[Items listed in a dataset]
*** Begin section ***

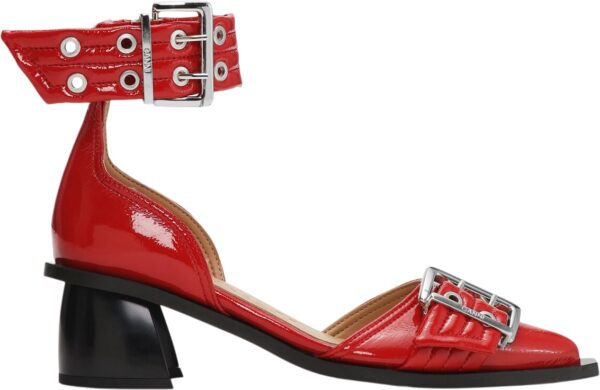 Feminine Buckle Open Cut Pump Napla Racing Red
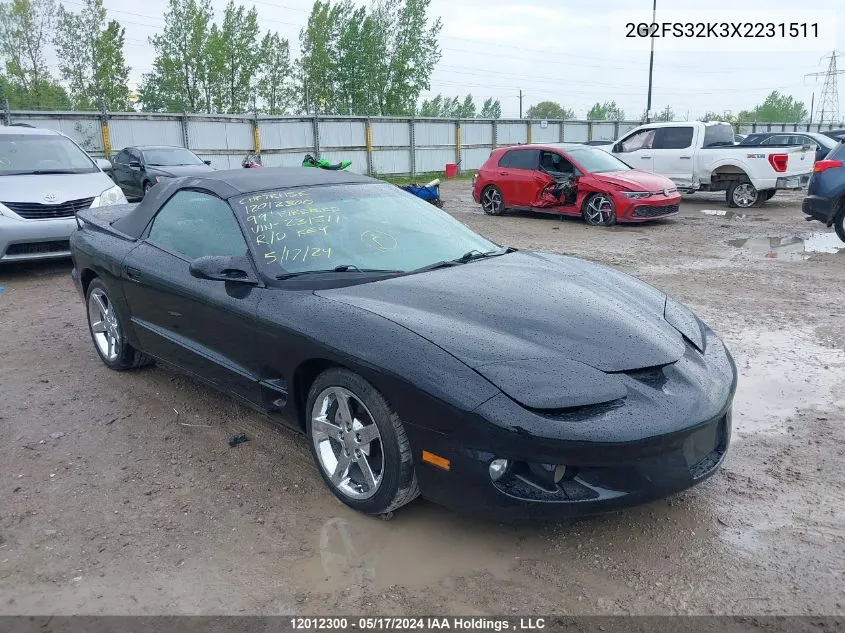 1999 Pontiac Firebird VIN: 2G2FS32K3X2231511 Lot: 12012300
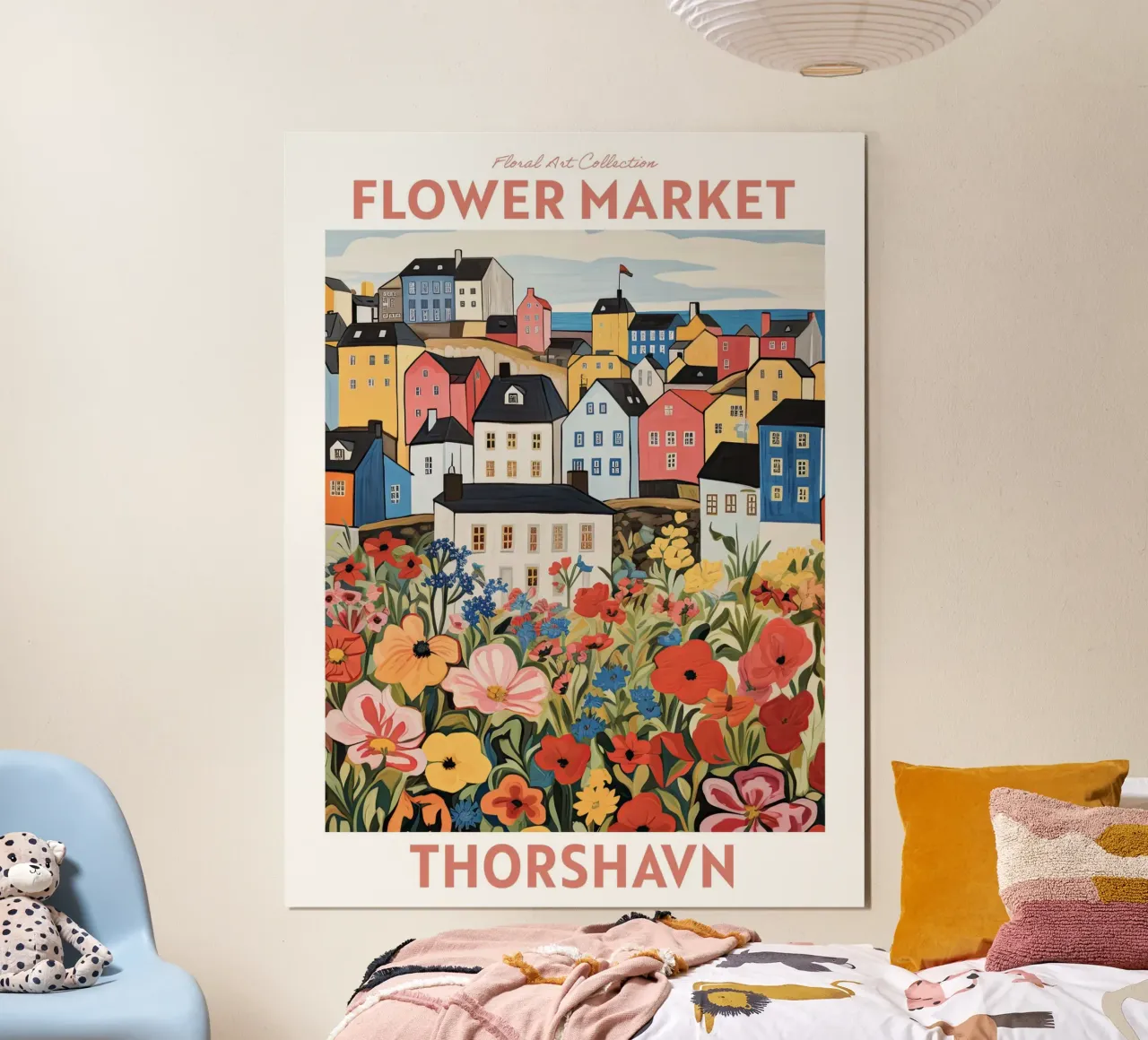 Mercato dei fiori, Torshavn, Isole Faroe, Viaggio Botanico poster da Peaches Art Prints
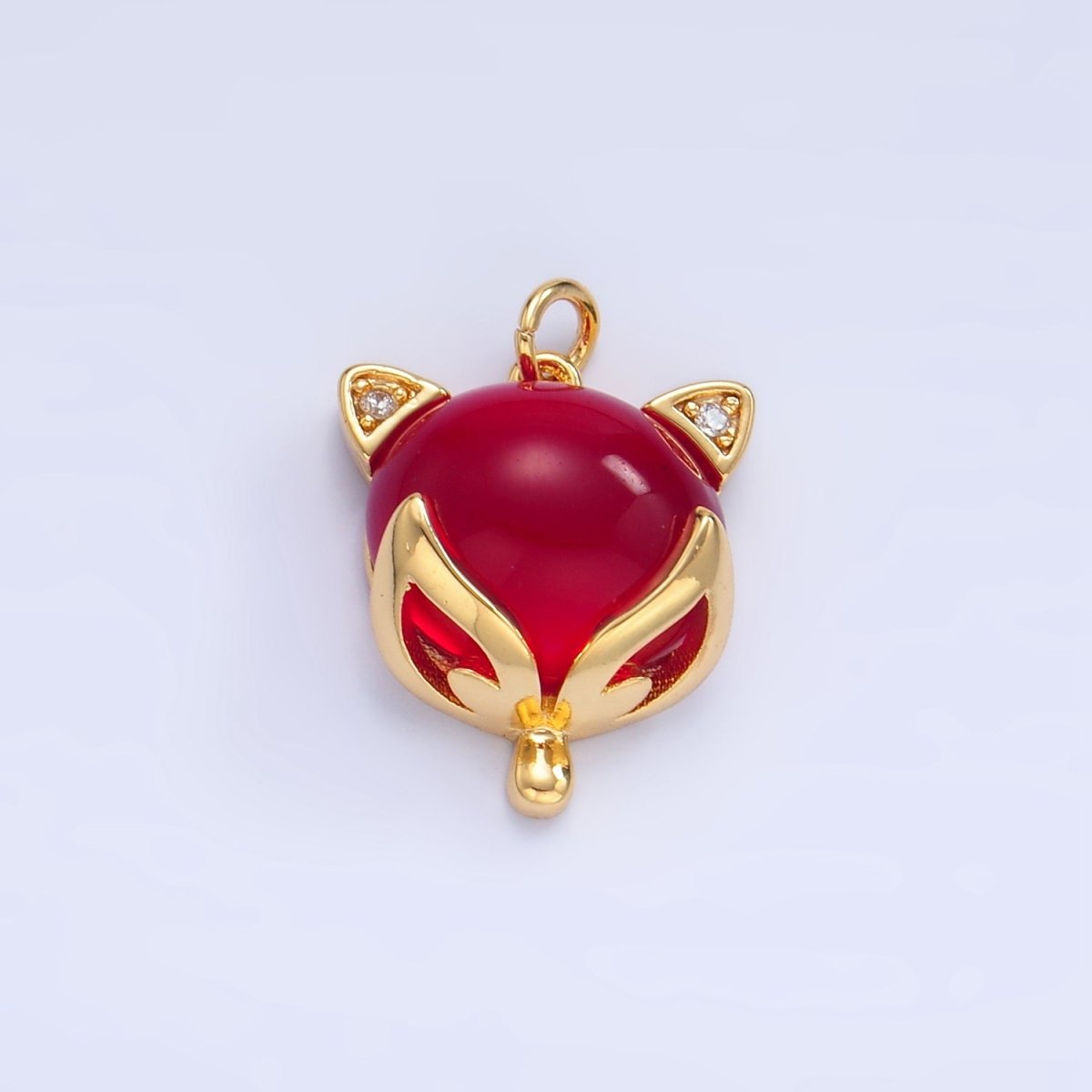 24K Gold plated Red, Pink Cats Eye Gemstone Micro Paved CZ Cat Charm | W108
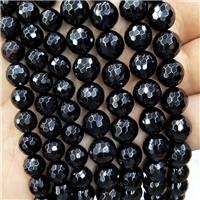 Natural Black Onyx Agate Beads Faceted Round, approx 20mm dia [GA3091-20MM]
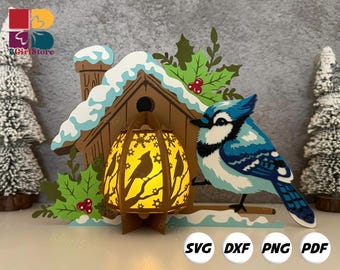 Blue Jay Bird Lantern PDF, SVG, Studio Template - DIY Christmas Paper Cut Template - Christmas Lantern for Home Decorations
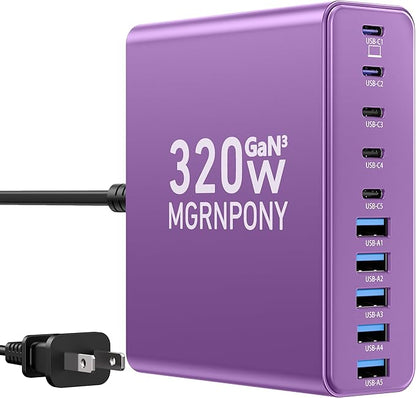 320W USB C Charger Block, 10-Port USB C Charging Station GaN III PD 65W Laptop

*** End section ***

▸ INSTRUCTIONS FOR THE TASK
Down to the last line, return the entries above exactly, with no pictures.

▸ OUTPUT BELOW
 Feminine Buckle Open Cut Pump Napla Racing Red
 1999 Pontiac Firebird VIN: 2G2FS32K3X2231511 Lot: 12012300
 Mercato dei fiori, Torshavn, Isole Faroe, Viaggio Botanico poster da Peaches Art Prints
 24K Gold plated Red, Pink Cats Eye Gemstone Micro Paved CZ Cat Charm | W108
 Natural Black Onyx Agate Beads Faceted Round, approx 20mm dia [GA3091-20MM]
 Blue Jay Bird Lantern PDF, SVG, Studio Template - DIY Christmas Paper Cut Template - Christmas Lantern for Home Decorations
 320W USB C Charger Block, 10-Port USB C Charging Station GaN III PD 65W Laptop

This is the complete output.